I am in the same boat. I like blues and have a hard enough time keeping up with new bands and releases and digging out old matsers let alone trends in new music. I am so turned off by rap, hip hop and the so called new R&B that I guess by default I am not as agressive as I once was in finding out other new trends in music.
Also take into account that I have only progressed as far as CD's and don't own an ipod/MP3 player or a facebook/myspace page and all of the free music you can search out and download there. I am getting close to technology overload together with all the other stuff I need for day to day existence.
I teach SAP for my organization and am deeply into it on a day to day basis and really the last thing I want to do when I get home is cruise the Internet or even get close to a computer. I guess this is the main reason for not being able to keep up in certain musical areas.


----------



## hollowbody (Jan 15, 2008)

Meh...I've heard of, or know the work of most of those bands, and as far as I'm concerned, that's a pretty crummy list of "Bands who Rocked." Especially having F'd Up coming in 1st - that just reeks of bandwagon jumping, considering they are a Toronto band who just got a lengthy write-up in Spin Magazine. I've never like the hardcore scene and can't dig the music, so this particular band being an extension of that really baffles me. I guess I'm old. Except I'm not. I'm 28.

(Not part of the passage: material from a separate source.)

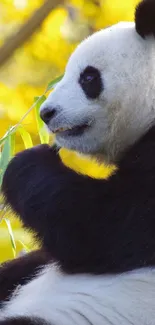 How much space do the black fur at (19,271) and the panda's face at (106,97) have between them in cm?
41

Of that entire list, I honestly got the most excited when they mentioned Luke Doucet in the headline, but then he was nowhere to be found in the rest of the article. For those of you who don't know him, he used to be the guitarist for Sarah McLachlan's backing band, as well as guitarist/vocalist for his band Veal, which were a 3-piece rock band that kicked a bunch of ass (check out 2003's Embattled Hearts). Lately he's been playing out as Luke Doucet and the White Falcons (yes, Luke plays a White Falcon). His Solo stuff is super-duper solid in the alt-country vein.

Other than Luke, I dig the Eagles of Death Metal, but only in a semi-serious way, because they are a tongue-in-cheek band to begin with. The rest of that list is dung.


----------



## bobb (Jan 4, 2007)

I knew that I had happily lost touch with current music recently after suffering through several tunes on the supermarket muzak. Whiny, wandering drivel with no hooks or any reason to want to remember the tunes. One song came on that sounded like Tracey Chapman making a desperate attempt at a comeback and digging the absolute bottom of the barrel to do it. Turned out to be James Blunt singing(?) "You're Beautiful". Then "Jack and Diane" starts up...guess what gang, it ain't John Cougar. It's a poorly used sample used as BG for a Jessica Simpson tune. The only upside that I heard was a "new country" style tune that kicked a$$ and was enjoyable to listen to and that turned out to be Bon Jovi. No wonder so many young kids are listening to old people's music like AC/DC and Metallica.


----------



## allthumbs56 (Jul 24, 2006)

Heck .... I am so far behind on my "trying to get" list that I'm still working on Mary Margaret O'Hara .....


----------



## Starbuck (Jun 15, 2007)

allthumbs56 said:


> Heck .... I am so far behind on my "trying to get" list that I'm still working on Mary Margaret O'Hara .....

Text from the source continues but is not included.